[[ GIVEN DATA open ]]

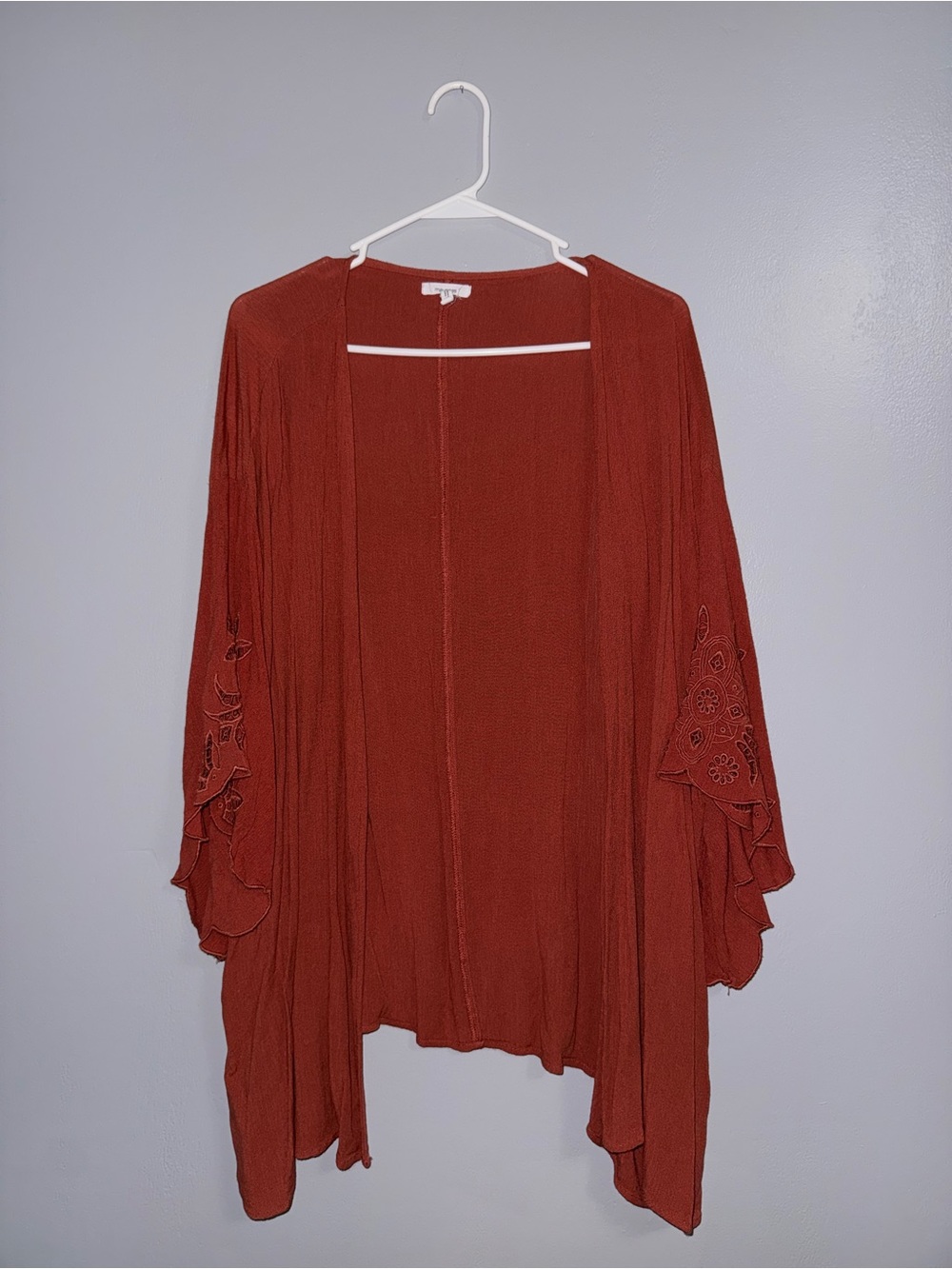 Maurices Rust Open-Front Knit Kimono Cardigan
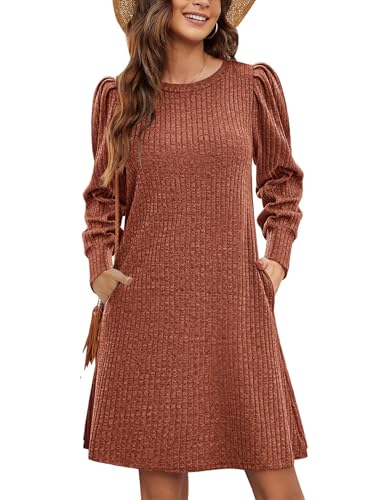 Zeagoo Women's Knit Dress with Puff Sleeves for Fall & Winter - Round Neck Casual Tunic Dress2
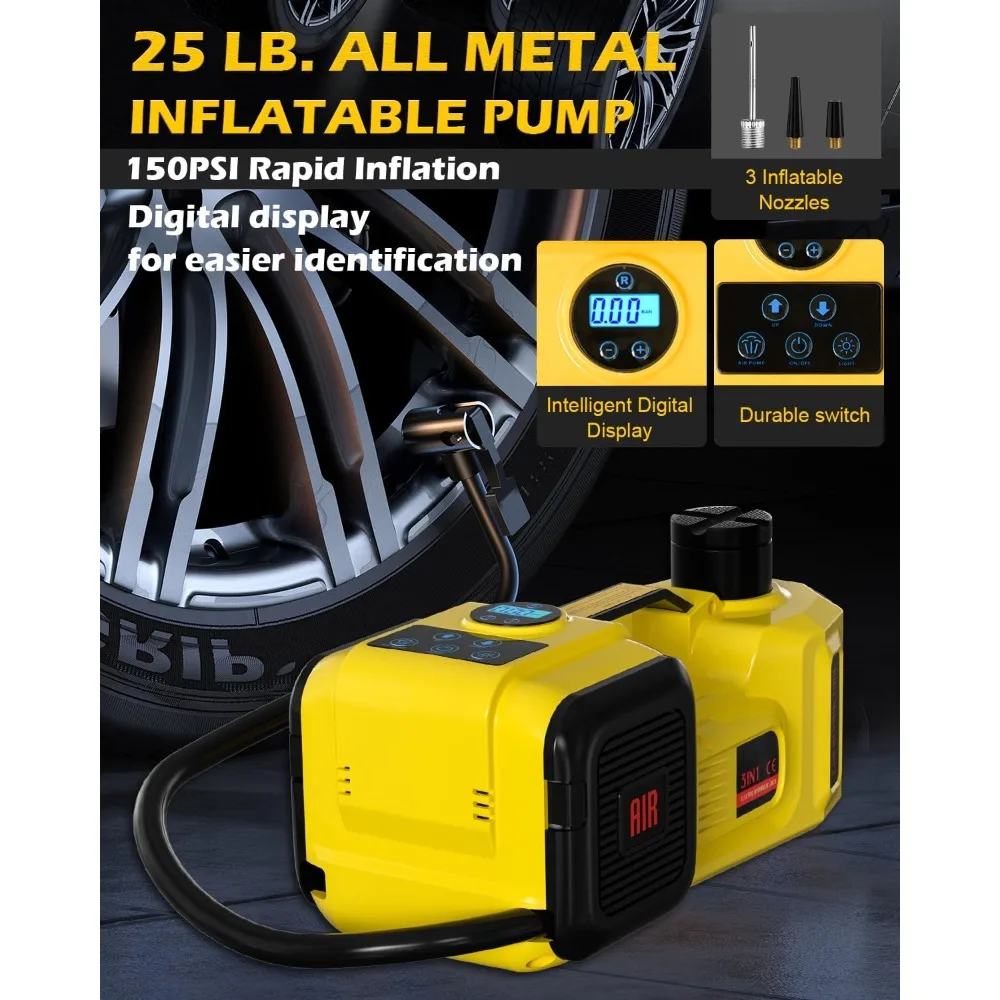 مقبس سيارة كهربائي، 5 طن 12 فولت شاشة ديجيتال مقبس كهربائي للسيارة مع مفتاح ربط تأثير إلكتروني، مضخة نفخ الإطارات وإضاءة LED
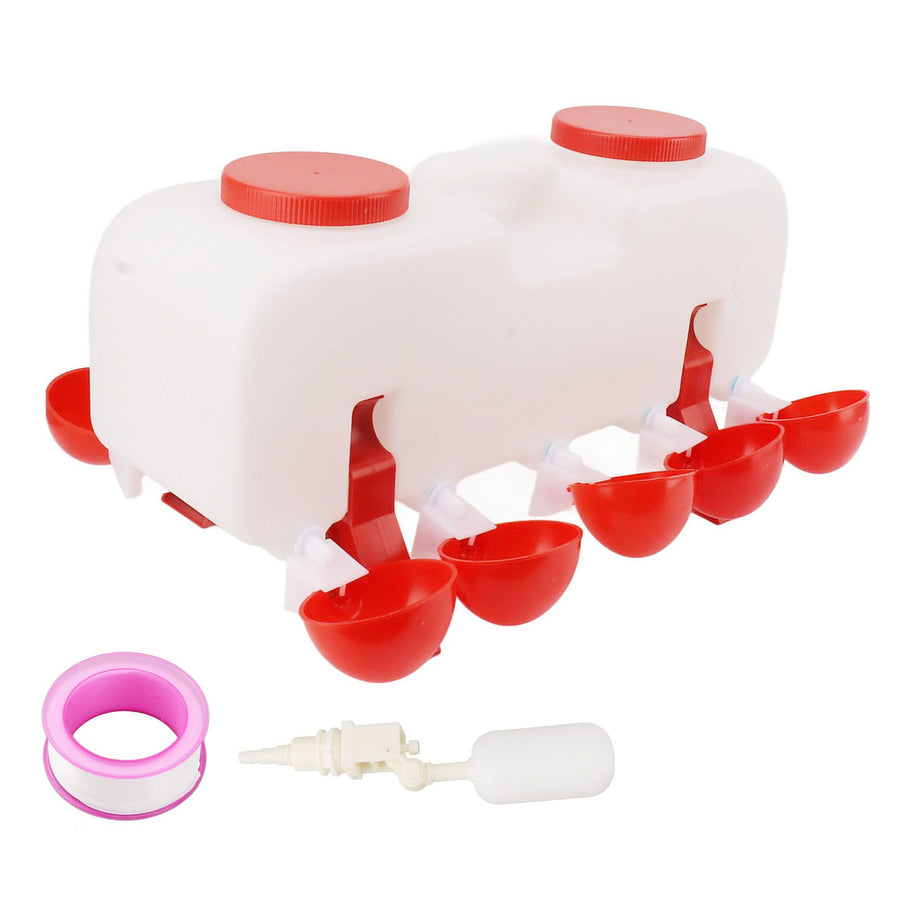 Automatic Chicken Waterer 10L Large Poultry Drinking Cups with 10pcs Bowls for Duck Goose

[[ GIVEN DATA closed ]]

YOUR OBJECTIVE: Your copy should begin at the line containing "Zeagoo Women's Knit" and end at the last line of the data above, matching each line exactly and holding no pictures.

THE ANSWER:
 Zeagoo Women's Knit Dress with Puff Sleeves for Fall & Winter - Round Neck Casual Tunic Dress2
 مقبس سيارة كهربائي، 5 طن 12 فولت شاشة ديجيتال مقبس كهربائي للسيارة مع مفتاح ربط تأثير إلكتروني، مضخة نفخ الإطارات وإضاءة LED
 Automatic Chicken Waterer 10L Large Poultry Drinking Cups with 10pcs Bowls for Duck Goose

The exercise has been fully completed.